BY THE MARITIME EXECUTIVE 06-26-2020 06:46:24
In late April, the Chinese government amended its law on the control of solid waste, including measures that clamp down even further on the importation of recycled materials from Western nations.
China was once the world’s biggest destination for exports of industrial and consumer wastes, including recycled paper, cardboard, plastics and scrap metal. For years, the plentiful empty boxes bound for the return journey from the U.S. West Coast to China could be filled with waste and shipped across the Pacific at low cost. However, given the poor image, low value and potentially polluting nature of these cargoes, the Chinese government began to limit their importation beginning in 2017. The new standards were strict enough that for a period, a substantial portion of the world’s scrap plastic and scrap paper lost a viable market and piled up near the source, forcing many local recycling programs to send their output to landfills. Some commodities diverted to alternative destinations with lower standards – notably Malaysia.
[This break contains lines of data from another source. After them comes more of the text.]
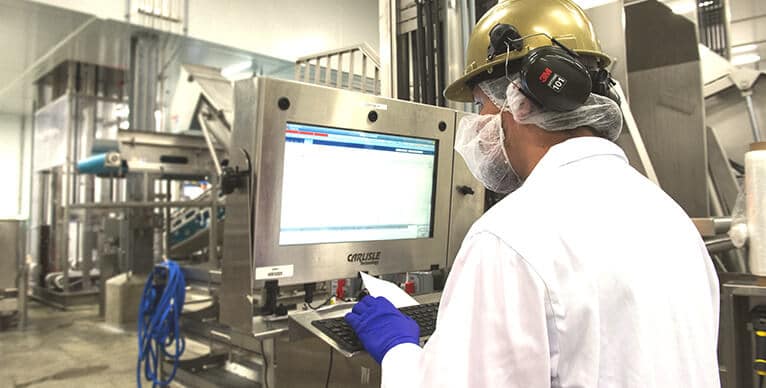 Team member reading a computer screen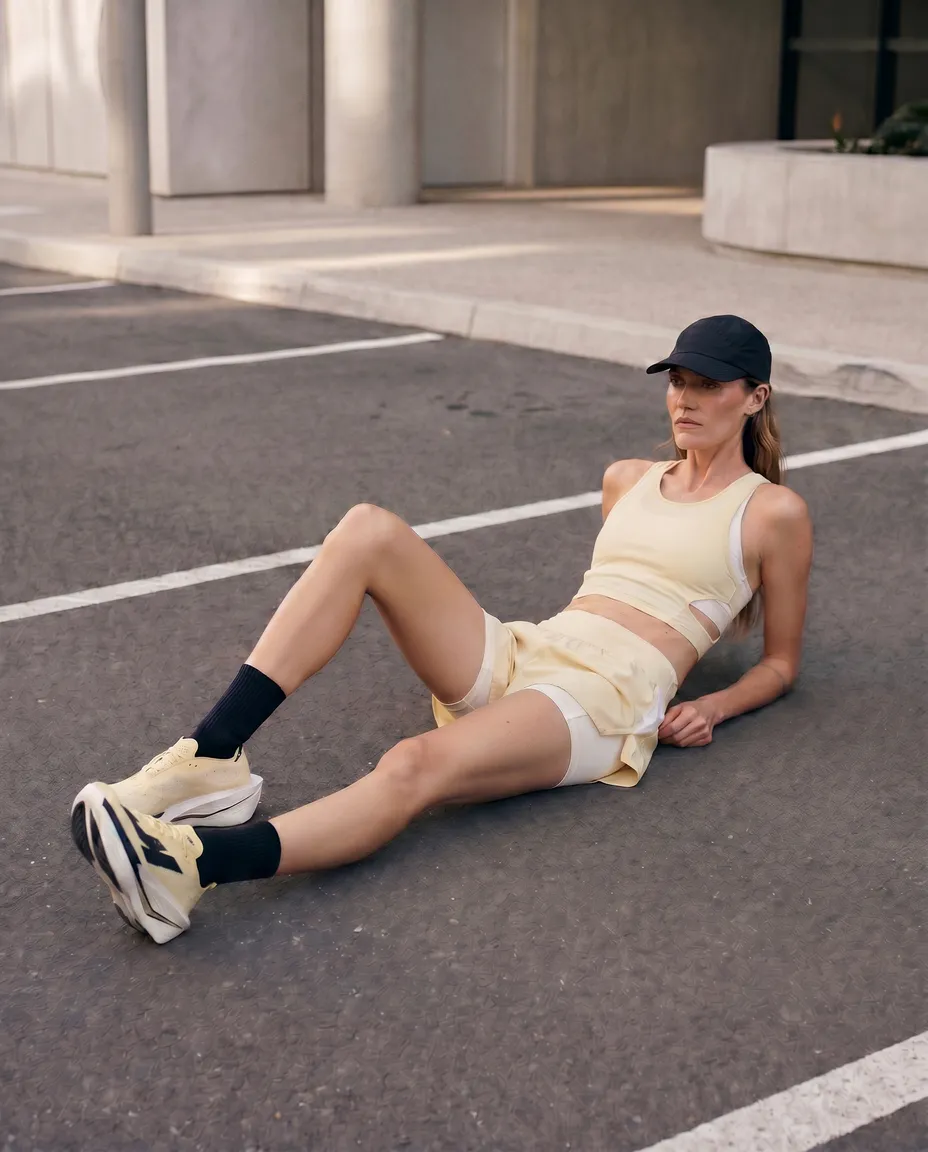 Runner in an "anti-performance" pose slouching against a raw brutalist concrete structure
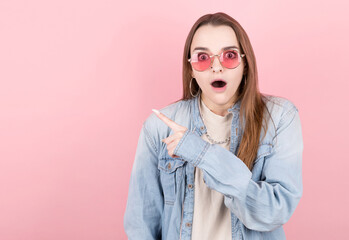 Horizontal picture of young female isolated on pink background wearing red eyeglasses, pointing leftwards with forefinger with surprise.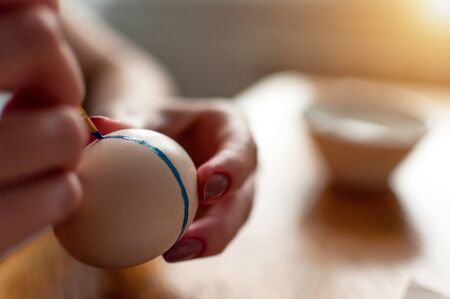 easter egg painting in dark blue colorの写真素材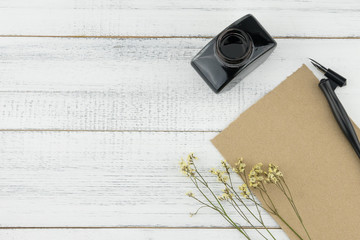 Blank brown card, oblique pen and bottle of ink decorated with yellow limonium caspia flowers on white wood background 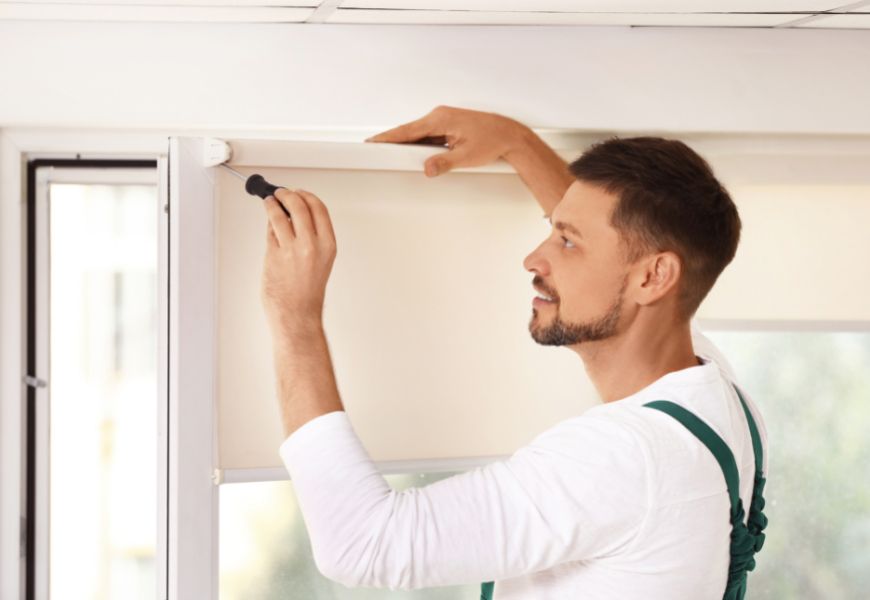 Man installing a roller shade in a window frame, indoors. He wears a white shirt, green straps.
On April 29, China adopted a legal revision that requires its agencies to move gradually towards “zero” importation of solid wastes. It also raised the customs penalty for waste smuggling fivefold, setting a new upper limit of $700,000, and it makes ocean carriers jointly liable for infractions effective September 1. Previously, carriers were only responsible for the return the solid waste to the country of origin or the cost of its disposal if the importer could not be identified.
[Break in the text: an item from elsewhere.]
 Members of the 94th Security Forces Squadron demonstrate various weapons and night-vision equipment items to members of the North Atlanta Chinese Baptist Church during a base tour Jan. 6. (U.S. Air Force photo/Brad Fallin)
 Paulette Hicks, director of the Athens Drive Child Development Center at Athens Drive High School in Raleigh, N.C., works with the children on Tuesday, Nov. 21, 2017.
The new joint liability provision has led at least two carriers to reconsider their involvement in shipping wastes to China. In May, number-two carrier MSC said that it would stop accepting all solid waste cargoes bound for China effective June 1 in order to ensure compliance in advance of the rule’s implementation. On June 12, Hapag-Lloyd followed suit, cautioning its customers that it will not accept any China-bound solid waste cargoes – including scrap metal – with arrival dates on or after September 1.
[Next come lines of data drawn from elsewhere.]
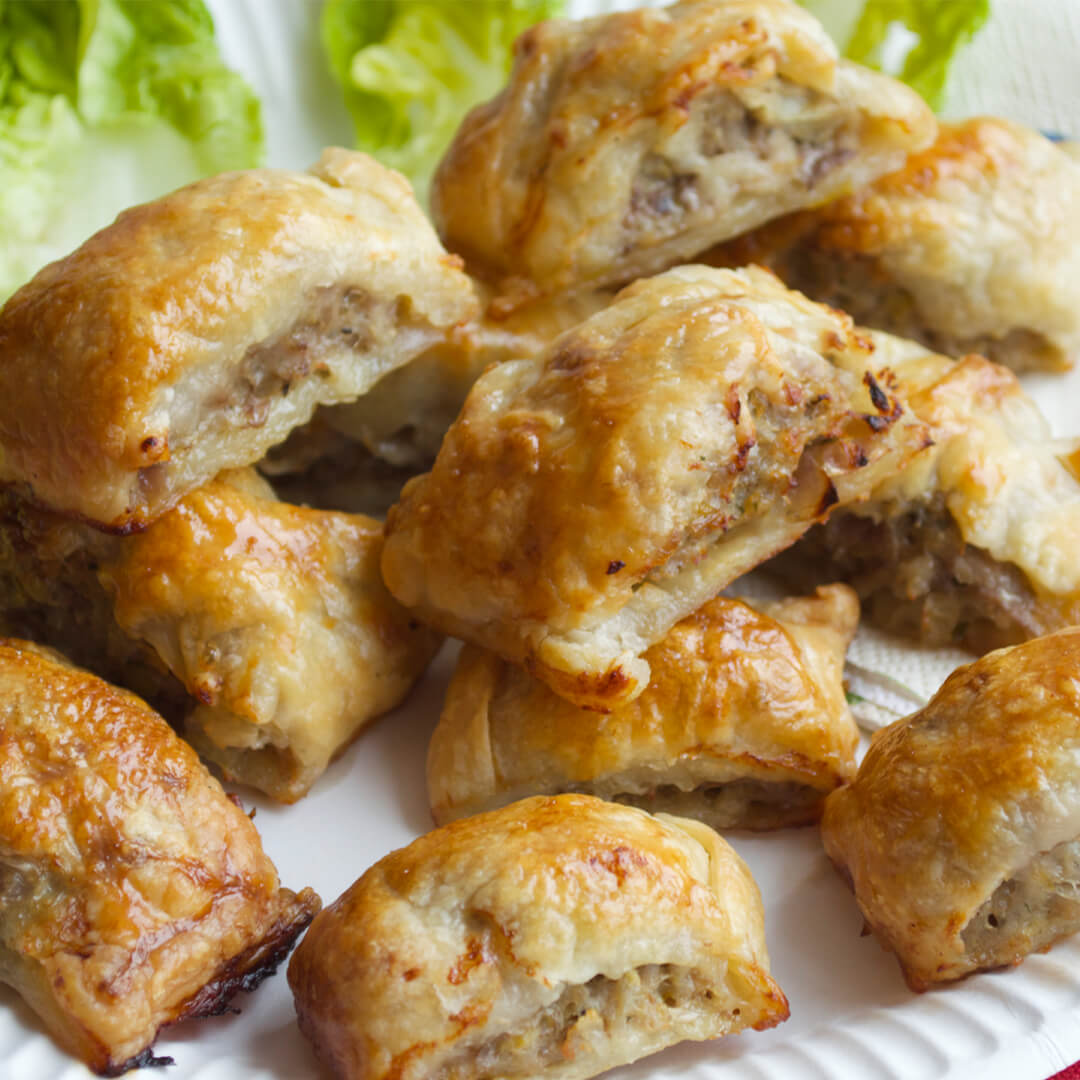 A plate of mini sausage rolls with some lettuce leaves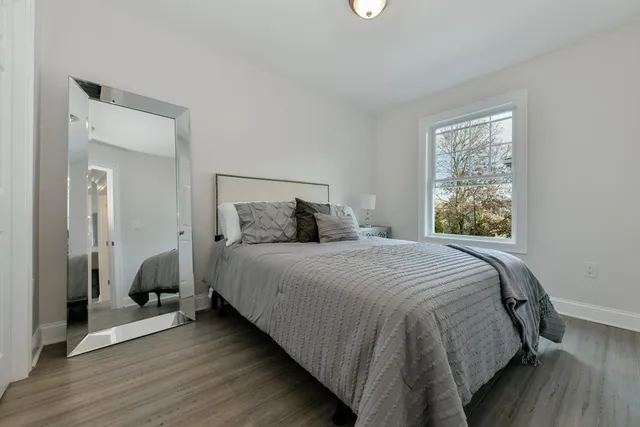 a bedroom with a bed and wooden floor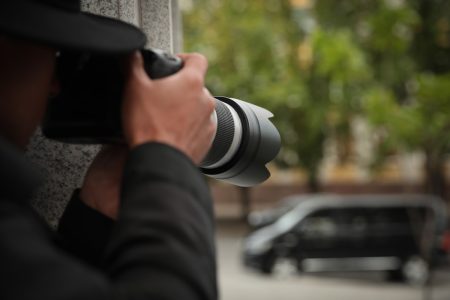 Managing and protecting high-risk individuals in your organization A person with a high-spec camera spies on someone.
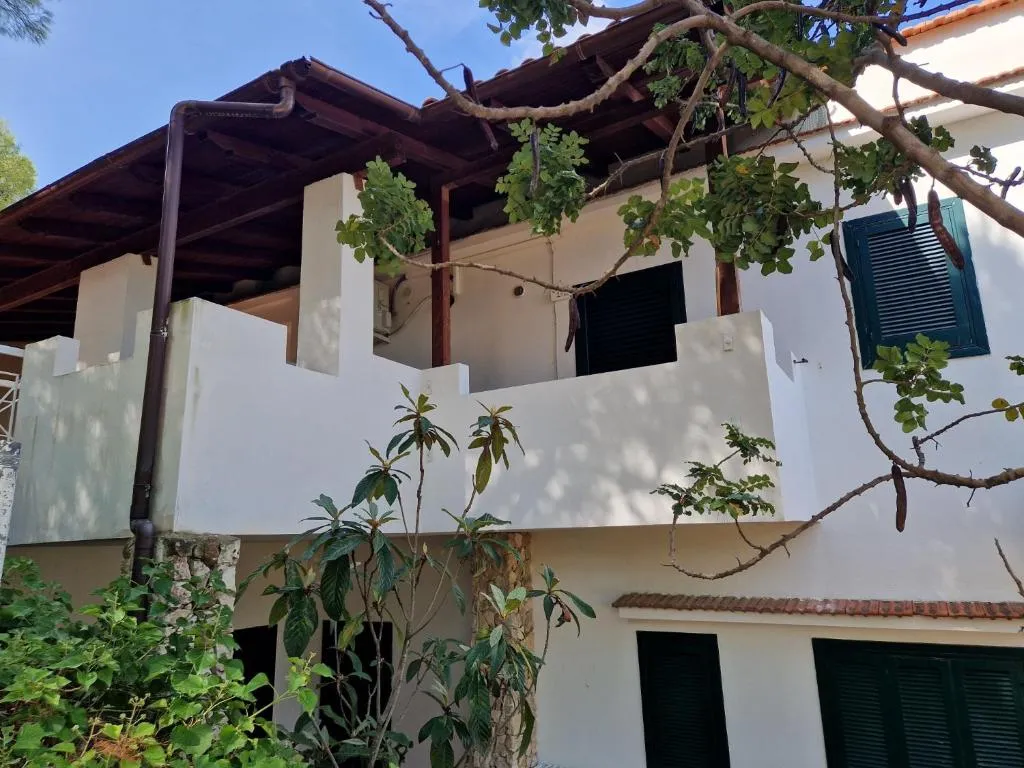 Facciata bianca di villetta con balcone e vegetazione mediterranea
Other nations are also pushing back on recycled waste imports, particularly plastics. Malaysia banned the importation of plastic wate in early 2019, and in January 2020 it shipped about 150 illegal waste cargoes back to the country of origin. “Our position is very firm. We just want to send back [the waste] and we just want to give a message that Malaysia is not the dumping site of the world,” environment minister Yeo Bee Yin told reporters at a January press conference.